## The problem
Please reproduce the entries below exactly from the line with "ミルキー　昭和　レトロ看板　ビンテージ　お菓子 人気　ガレージ" through their last line, leaving out any pictures.

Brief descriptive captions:
==*==
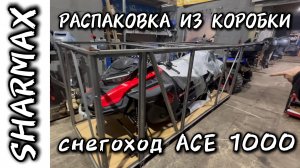 РАСПАКОВКА СНЕГОХОДА SHARMAX ACE 1000 #motosnab #sharmax #snowmobile #снегоход #canam #brp #skidoo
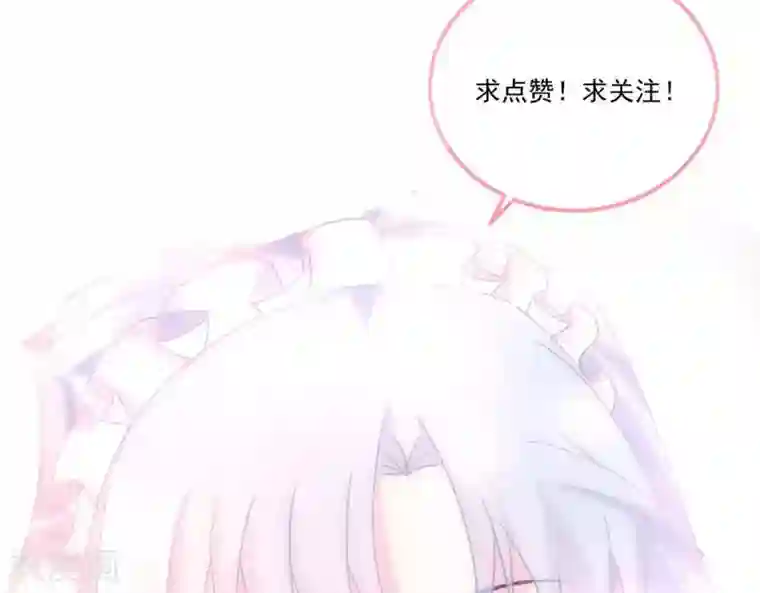 命里有他第8话 渐近的心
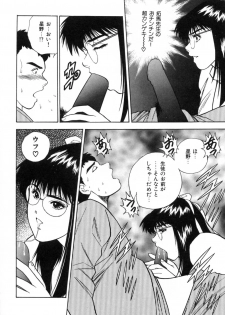 [Aduki Amaguri] Midnight Cinderella - page 37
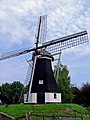 Rolde Windmill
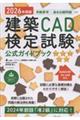 ���z�b�`�c���莎�������K�C�h�u�b�N�@�Q�O�Q�U�N�x��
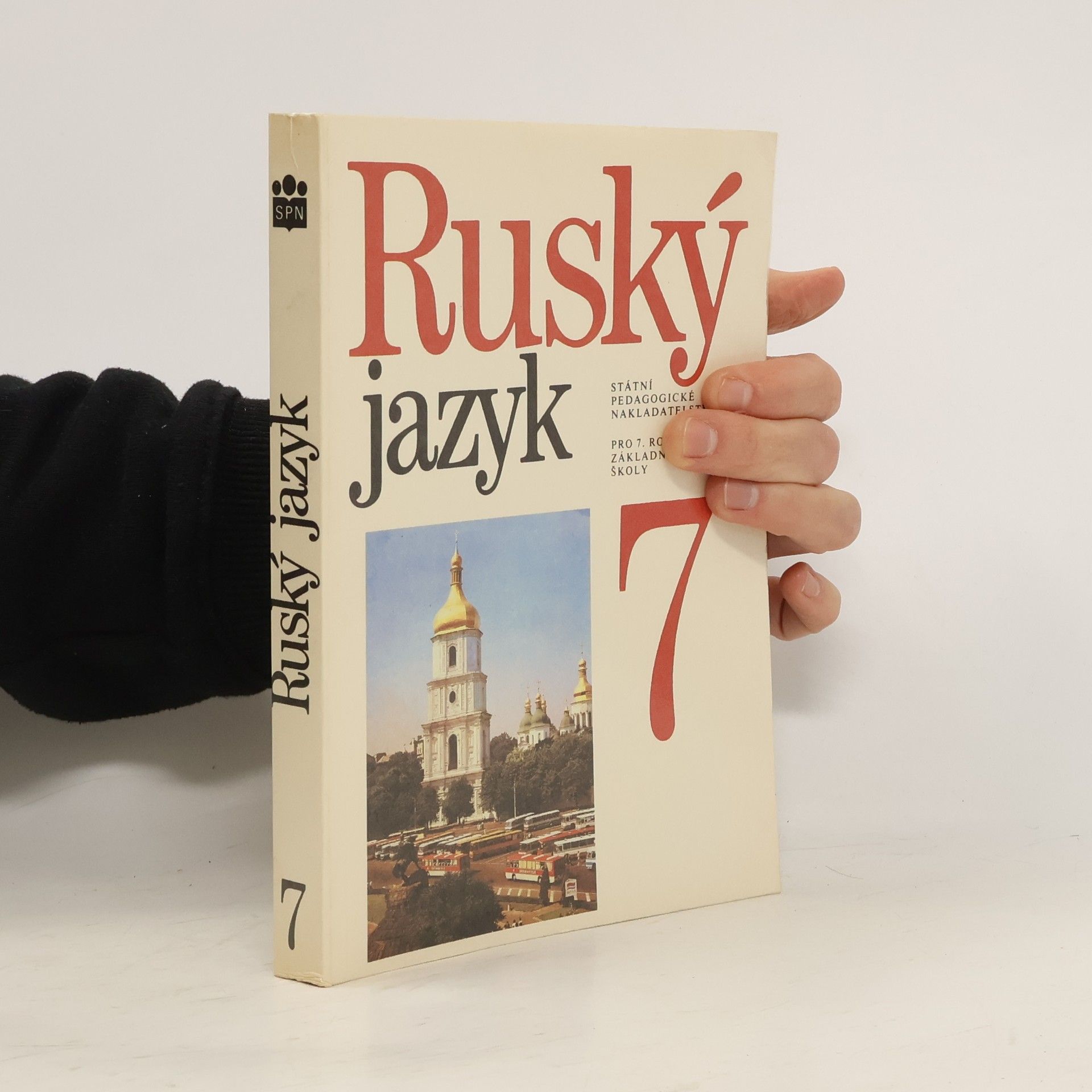Various authors Ruský jazyk pro 7. ročník základní školy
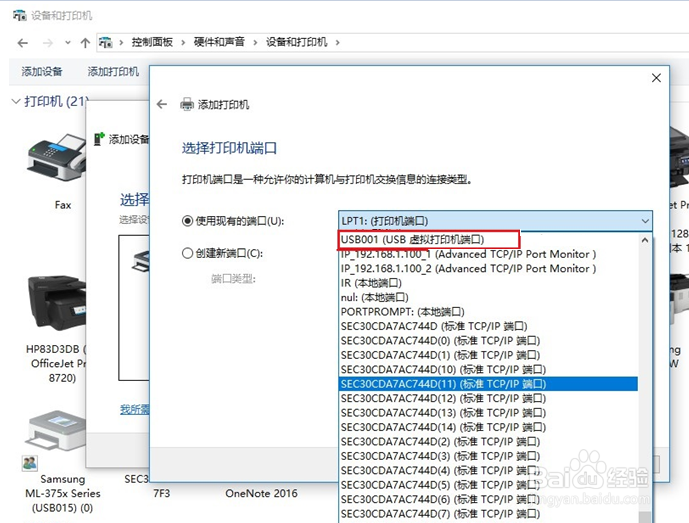 DJ2700系列 安装好驱动，无法打印测试页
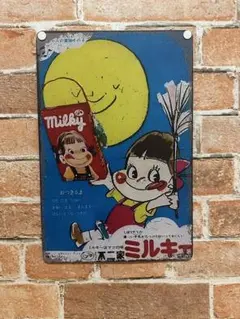 ミルキー　昭和　レトロ看板　ビンテージ　お菓子 人気　ガレージ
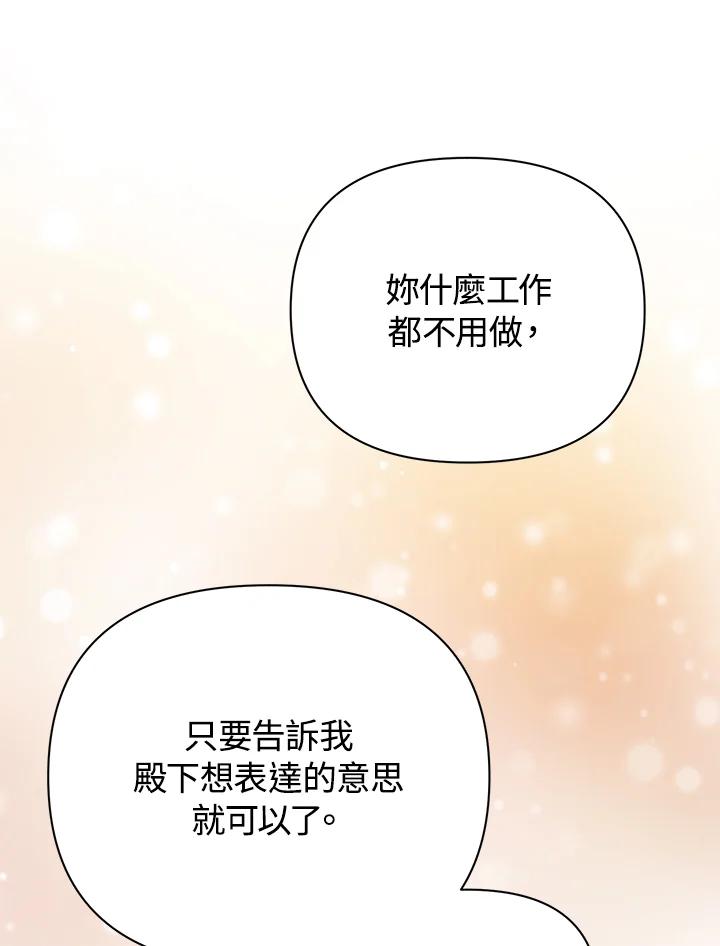 《成为皇帝的专属翻译》第13话 第75页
==*==
## Exercise response
 ミルキー　昭和　レトロ看板　ビンテージ　お菓子 人気　ガレージ
 《成为皇帝的专属翻译》第13话 第75页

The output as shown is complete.